管理人のイエイリです。
鹿島はロボット建機を使った施工の自動化システム「A4CSEL」の開発を進めています。
その山岳トンネル版「A4CSEL for Tunnel」で、掘削直後のトンネル内面が崩れないようにコンクリートを吹き付けるため、新型の「2ノズル自動吹き付け機」を開発しました。
2本のアームに吹き付けノズルが取り付けられ、1本アームに比べて半分の時間で作業できるのはもちろん、1人のオペレーターが2本のノズルを、
ナ、ナ、ナ、ナント、
“二刀流”で操作
できるのです。(鹿島のプレスリリースはこちら)
この新型吹き付け機は、以前に開発された(1)1ノズルによる自動吹き付けシステムと。(2)エレクター(把持装置)付き2ノズル吹き付け機を融合し、自動化したものです。
吹き付け前に掘削最前面の切羽を3Dスキャンして形状を計測し、平滑な仕上がり面となる最適な吹き付けを自動的に行うことができます。

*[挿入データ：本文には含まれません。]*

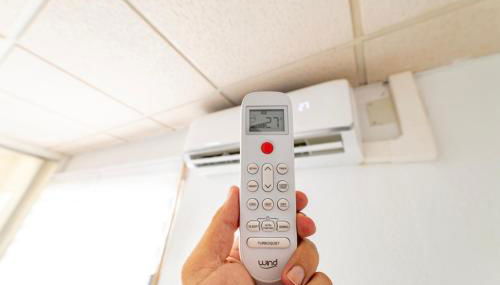 Apartmento Gonzalez de Aguilar - Foto 5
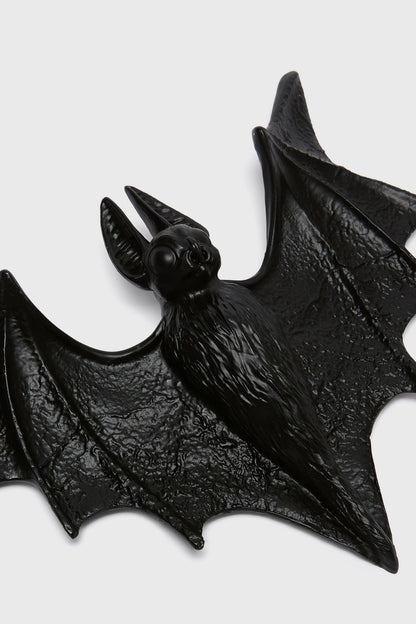Cave Dweller Wall Decor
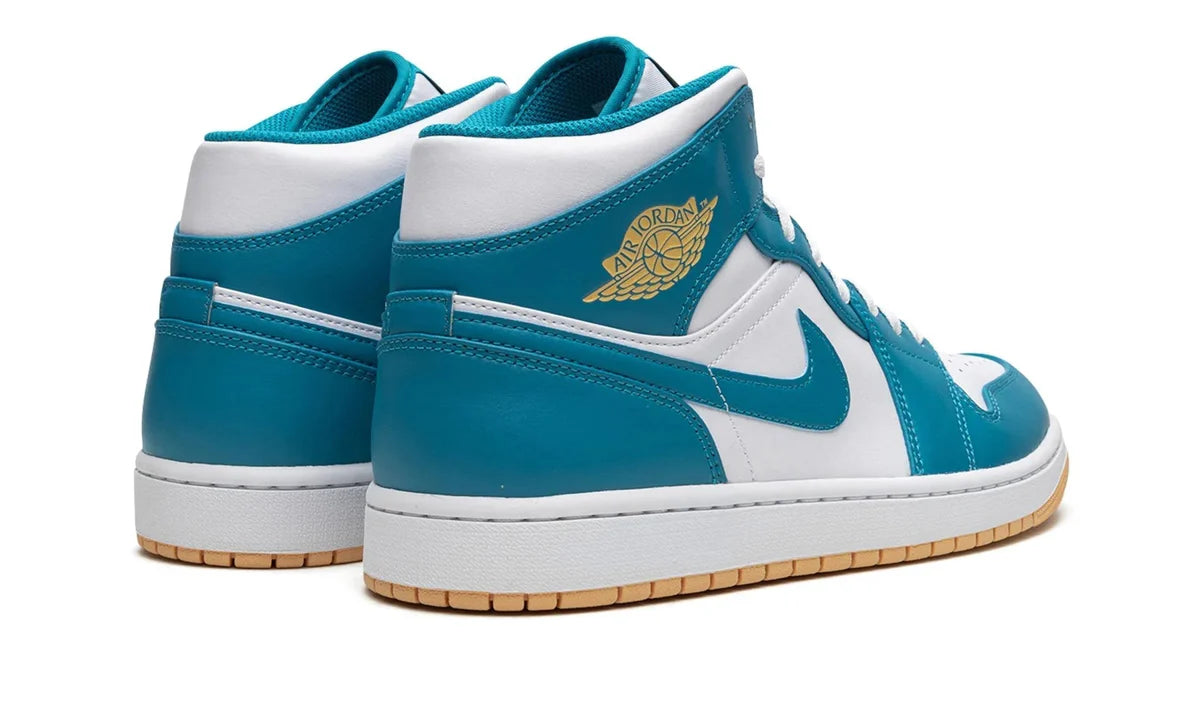 Jordan 1 Mid Aquatone-DQ8426-400-sneakers JHypes 
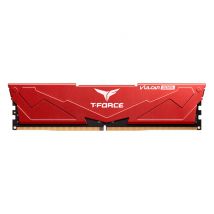 Team Group T-FORCE VULCAN FLRD532G6000HC38A01 module de mémoire 32 Go 1 x 32 Go DDR5 6000 MHz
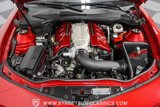 Used 2011 Chevrolet Camaro SS w/ RS Package image 3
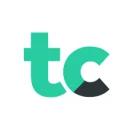 Ticombo US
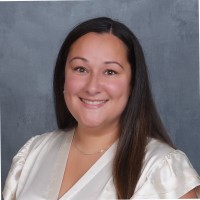 American Society of Transplantation Employee Rachel Mascio's profile photo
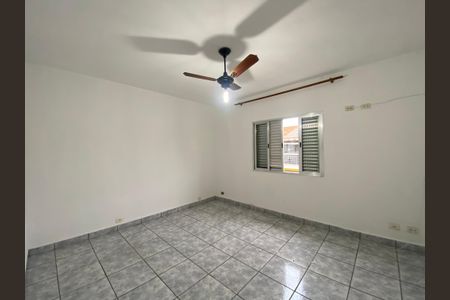 Casa à venda com 200m², 2 quartos e 1 vagaQuarto 1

左右のノズルが、それぞれの吹き付け動作を効率的に行うようにプログラムを改良したほか、自動吹き付け作業中はエレクターや左右ノズルのアーム挙動を監視して、衝突を防いだり、互いに可動速度を調整し合う競合防止機能を備えています。
その結果、1人のオペレーターが2つのノズルを使って、効率的に吹き付け作業が行えるようになりました。自動吹き付け能力は毎時48m3です。

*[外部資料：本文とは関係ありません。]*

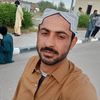 user39642885832500hameed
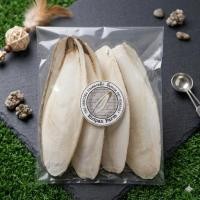 ราคา กระดองปลาหมึก กระดองหมึก ลิ้นทะเล อาหารเสริมนก แคลเซียม (12908496156)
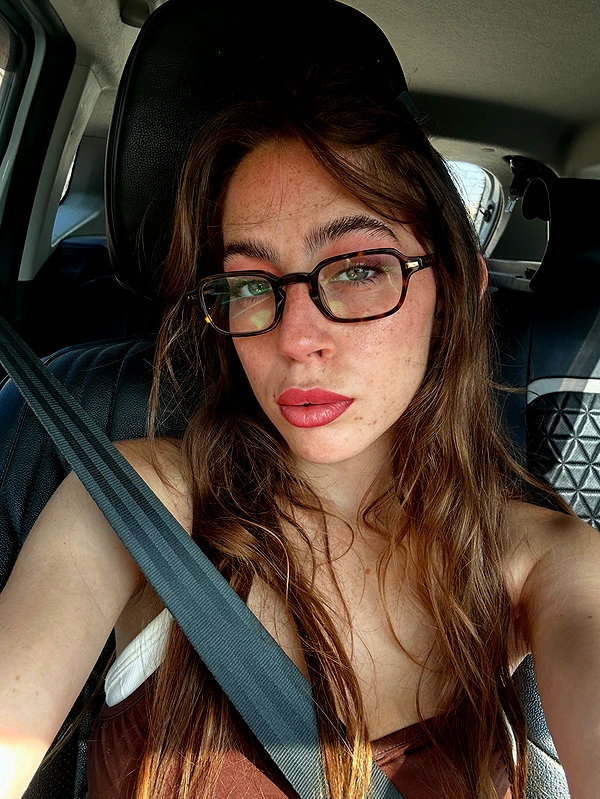 yaarat11 instagram image archive image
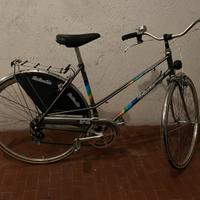 Bici da donna Bottecchia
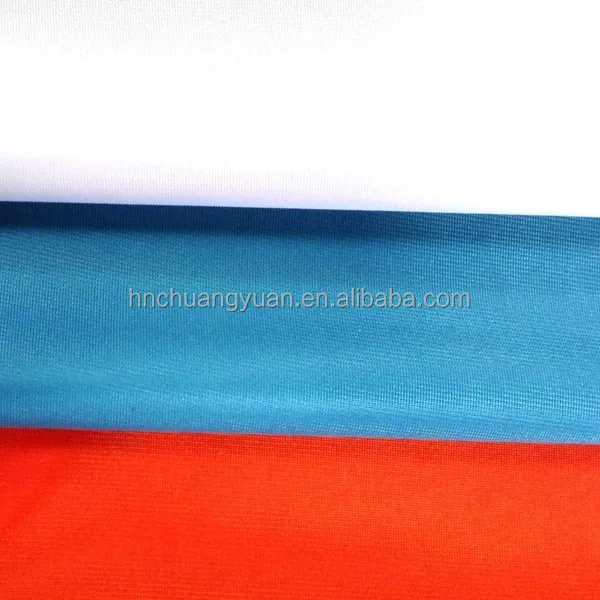 Китайские дешевые Tricot одна сторона кисти полиэстер золотистый бархат ткани для школьная форма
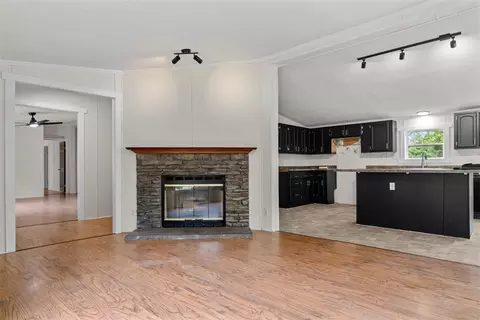 8260 Moreland, Jerome, MI 49249 photo 8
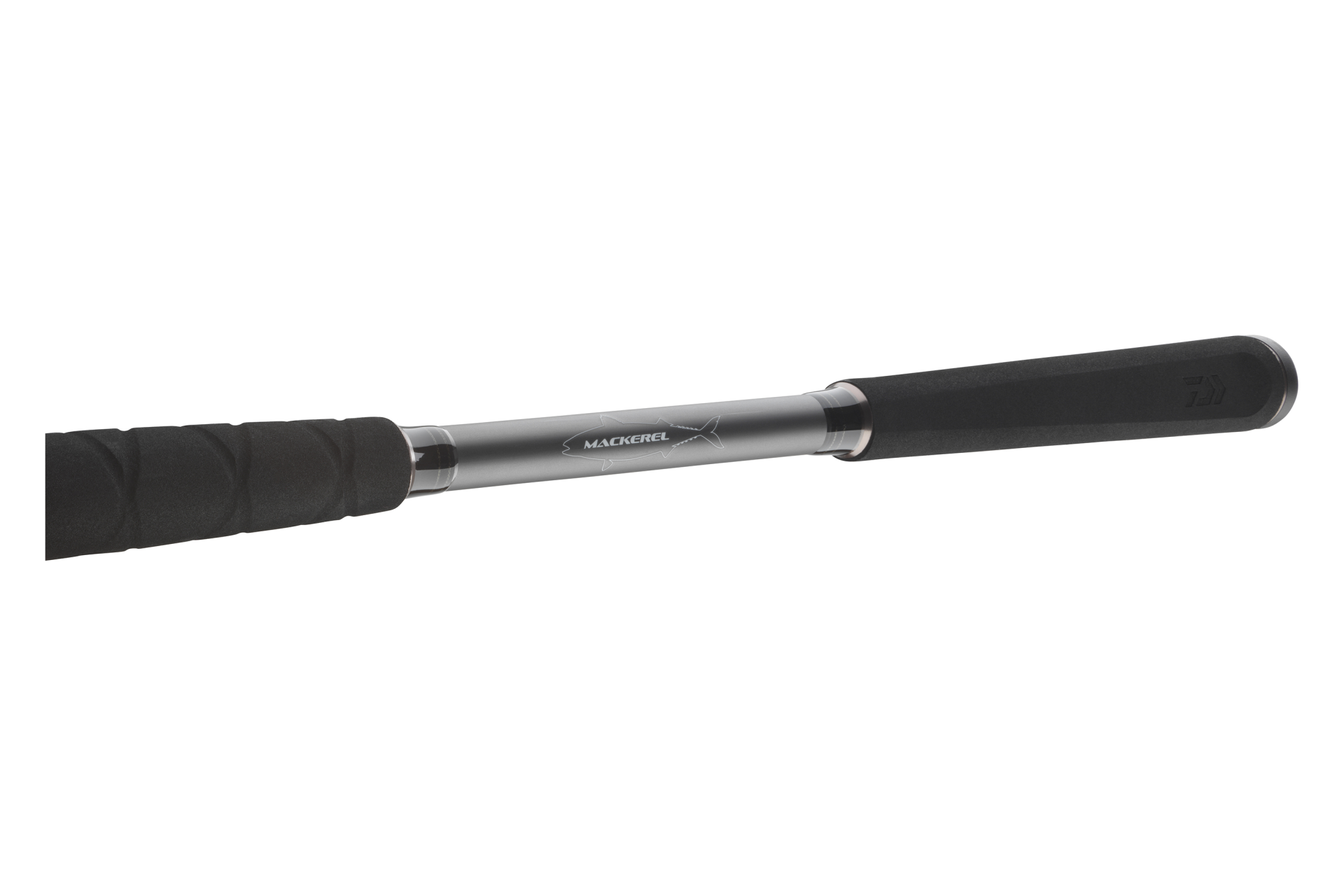 Seahunter X Pilk Mackerel <span>| Jigger rod | H</span> Seahunter X Pilk Mackerel <span>| Jigger rod | H</span>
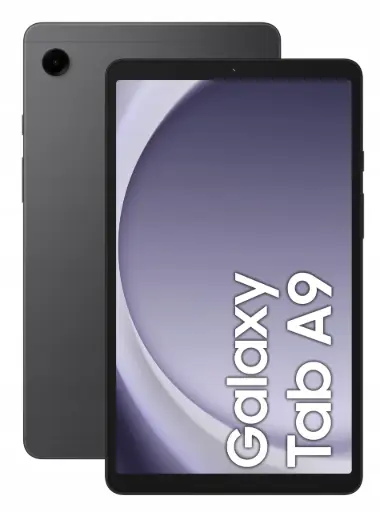 Samsung Galaxy Tab A9 [SM-X110] 4/64GB Latina 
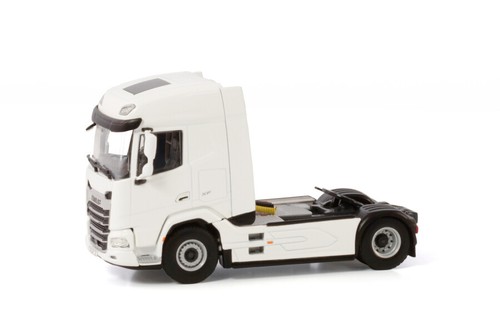Wsi 2048 daf xf sh - 03-2048, 4x2
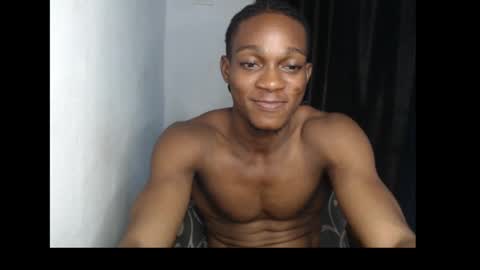 Snapshot of freakyslut30 chatting on January 24, 8:54 pm freakyslut30 online show from January 24, 8:54 pm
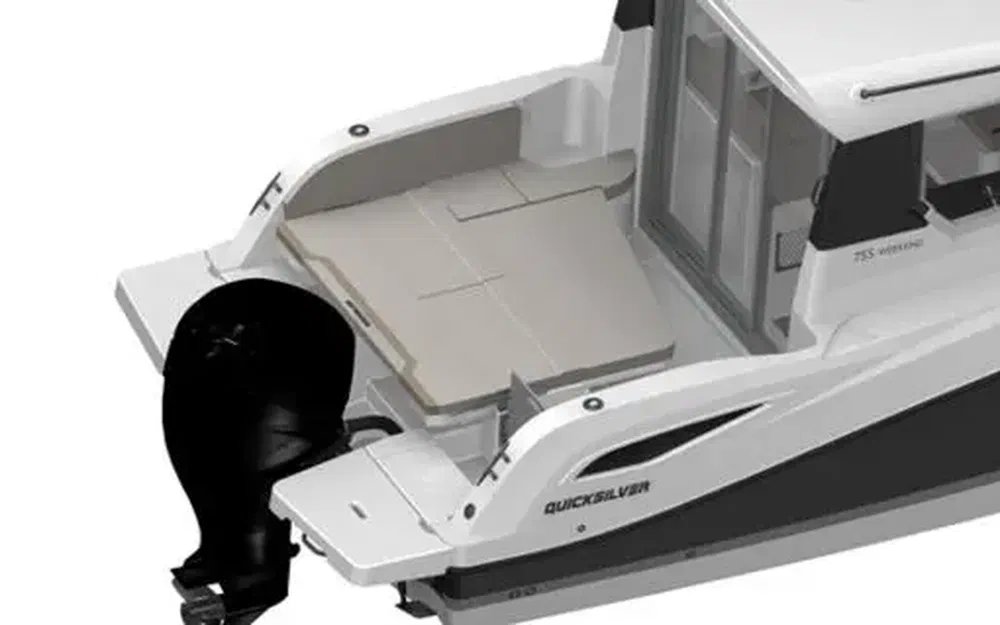 slider 1 Quicksilver 755 Week-End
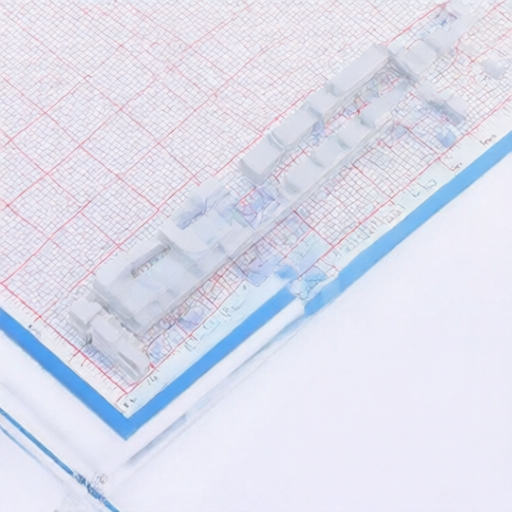 Nextron Z-81024100124000 for sale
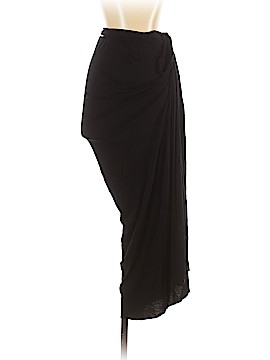 Rick Owens Lilies Size 4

さらに吹き付け作業時間は、従来の1ノズル自動吹き付けと比べて約50%短縮できることが実証されました。オペレーターが半減したことを考えると、労働生産性は約4倍にアップしたわけですね。
このほかコンクリートの吹き付け後、鋼製の支保工をトンネル内壁に建て込む作業を大幅に省力化する「建て込みガイダンスシステム」も開発されました。
支保工をエレクターブームという装置で切羽に取り付けるためには、目標位置までブームの関節角度や伸縮量を調整して動かす必要があります。
このシステムでは、これらの数値を計算してエレクターブームを遠隔操作し、所定の位置に支保工を建て込めるようにしました。
そして支保工には、「ワンタッチジョイント」と「固定用アンカー」をあらかじめ備えたものを開発しました。
これを使うことで、これまでオペレーター2人と切羽近くで作業する技能者3~4人が必要だった支保工建て込み作業を、
オペレーター1人
で行えることを実証したのです。
鹿島が開発を進める「A4CSEL for Tunnel」では、山岳トンネル工事の掘削作業を6つの施工ステップに分け、重機による自動化と一元管理の実現を目指しています。
今回の2ノズル自動吹き付け機と、建て込みガイダンスシステム、専用支保工の開発によって、山岳トンネル工事の生産性と安全性は、大幅に向上したと言えそうです。